**** EXERCISE INPUTS

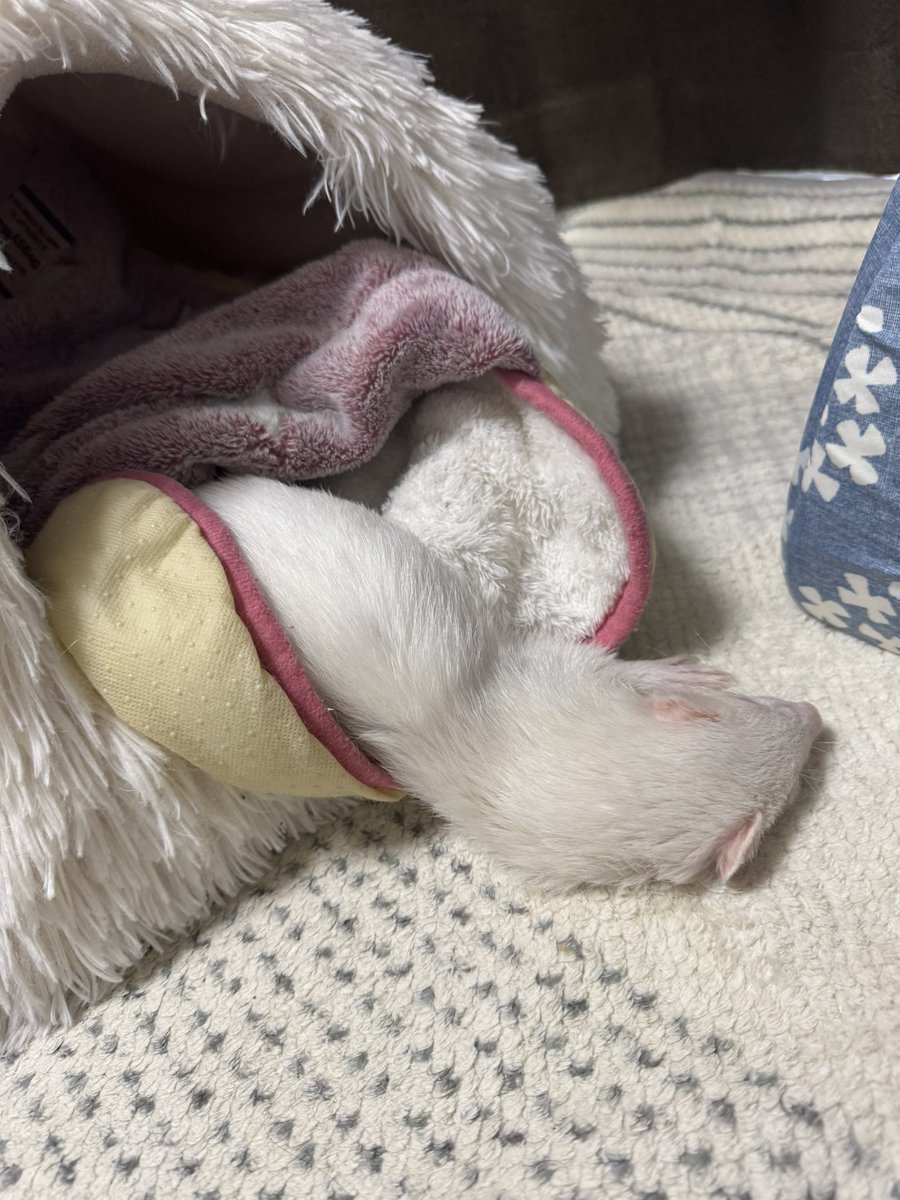 祖母が入院とのことで、急遽地元へ帰省することに

帰る時間のこっちゃんは溶けてました

体調は快復に向かってるとのこと

#フェレット
#フェレットのいる生活
#ferret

********

### ASSIGNMENT
The listing is to be reproduced in full and exactly, except that its pictures are to be dropped.

### OUTPUT FOR THIS EXERCISE
 祖母が入院とのことで、急遽地元へ帰省することに

帰る時間のこっちゃんは溶けてました

体調は快復に向かってるとのこと

#フェレット
#フェレットのいる生活
#ferret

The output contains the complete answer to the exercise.